United States District Court, Middle District of Pennsylvania

February 28, 2014

HENRY A. MARLON, Petitioner
v.
ERIC HOLDER, et al., Respondents

Kane Judge

REPORT AND RECOMMENDATION

THOMAS M. BLEWITT United States Magistrate Judge

I. Procedural Background.

On September 13, 2013, Petitioner, Henry A. Marlon, a detainee of the Bureau of Immigration and Customs Enforcement (“ICE”) confined at York County Prison, filed a Petition for Writ of Habeas Corpus pursuant to 28 U.S.C. § 2241. (Doc. 1). Petitioner, proceeding pro se, names as Respondents: Attorney General Eric Holder; Janet Napolitano, Secretary of the Department of Homeland Security; Thomas L. Decker, District Director of the Pennsylvania Field Office for ICE; and Mary Sabol, Warden of the York County Prison (“YCP”) (collectively, “Respondents”)[1], where Petitioner is currently confined.[2] (Doc. 1). Petitioner attached Exhibits to his habeas petition. Petitioner also filed a Motion to proceed in forma pauperis, but we denied it since Petitioner had sufficient funds in his inmate account to pay the filing fee. Petitioner then paid the filing fee. (Docs. 2, 6, 7 & 9).

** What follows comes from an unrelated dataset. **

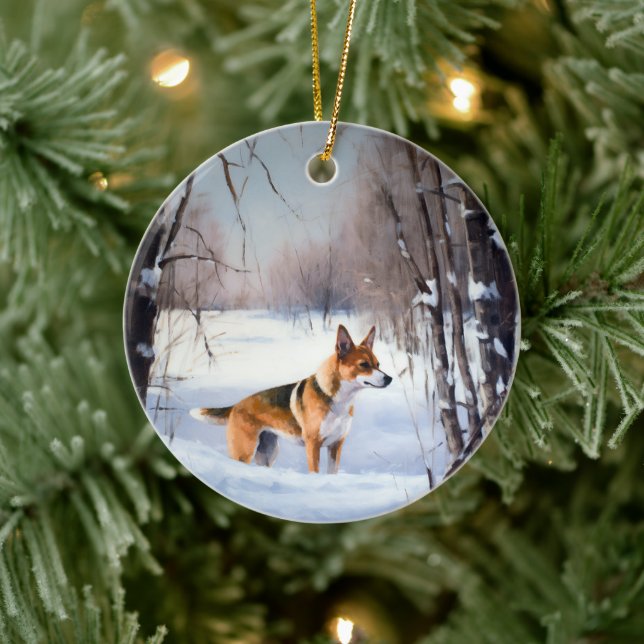 Décoration En Céramique Basenji Laisser neiger Noël (Arbre)
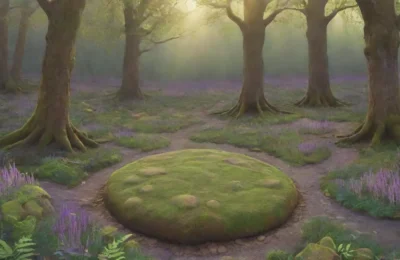 Un bosque mágico con árboles antiguos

The Court issued an Order to Show Cause on October 24, 2013, and directed Respondents to respond to the habeas petition. (Doc. 11). On November 13, 2013, Respondents filed a Response to the Habeas Petition, with attached unpublished decisions and Exhibits. (Docs. 14, 14-1 & 14-2). On November 27, 2013, Petitioner filed a Motion for an Extension of Time to file his Traverse and for a copy of Respondents’ Response. (Doc. 15). Petitioner filed an 8-page Traverse, styled as a “Response to the Respondent’s Motion to Dismiss the Writ of Habeas Corpus, ” on December 19, 2013. (Doc. 17). On January 13, 2014, Respondents filed an Amended Certificate of Service regarding their Response to Petitioner ‘s habeas petition stating that their Response that was initially mailed to Petitioner at YCP was returned as undeliverable since it had an incorrect Alien number for Petitioner. (Doc. 18). Regardless, Petitioner stated that he received a copy of the Respondents’ Response from the Clerk of Court on December 13, 2013. (Doc. 19, p. 1, ¶ 5).

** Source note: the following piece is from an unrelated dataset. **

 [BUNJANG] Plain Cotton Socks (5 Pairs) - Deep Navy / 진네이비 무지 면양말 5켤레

We find Petitioner’s Motion for an Extension of Time to file his Traverse and for a copy of Respondents’ Response (Doc. 15) to now be moot.

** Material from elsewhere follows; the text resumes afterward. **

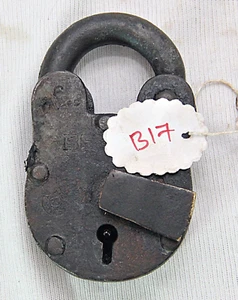 Vintage Solid Iron Padlock with Brass Tag: A Collectible Antique Lock & Key B17 - Picture 1 of 24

On January 21, 2014, Petitioner filed a “Motion for Reconsideration to Compel/or to Proceed on the Petitioner ‘s Habeas Corpus.” (Doc. 19). The Clerk of Court docket Petitioner ‘s Doc. 19 Motion as a Motion to Expedite his case. In his Motion, Petitioner requests that this Court grant him a bond hearing, and he states that he is not a danger to the community and that he is not a flight risk. Petitioner also requests the Court to rule on his habeas petition and to deny Respondents’ request to dismiss it.

In his habeas petition, Petitioner basically claims that the mandatory detention provision of §236(c) of the INA does not apply to him since ICE did not take him into custody when he was released from prison, rather, 10 months lapsed before he was taken into custody by ICE. In his habeas petition, Petitioner requests that this Court grant him a bond hearing under §236(a) of the INA.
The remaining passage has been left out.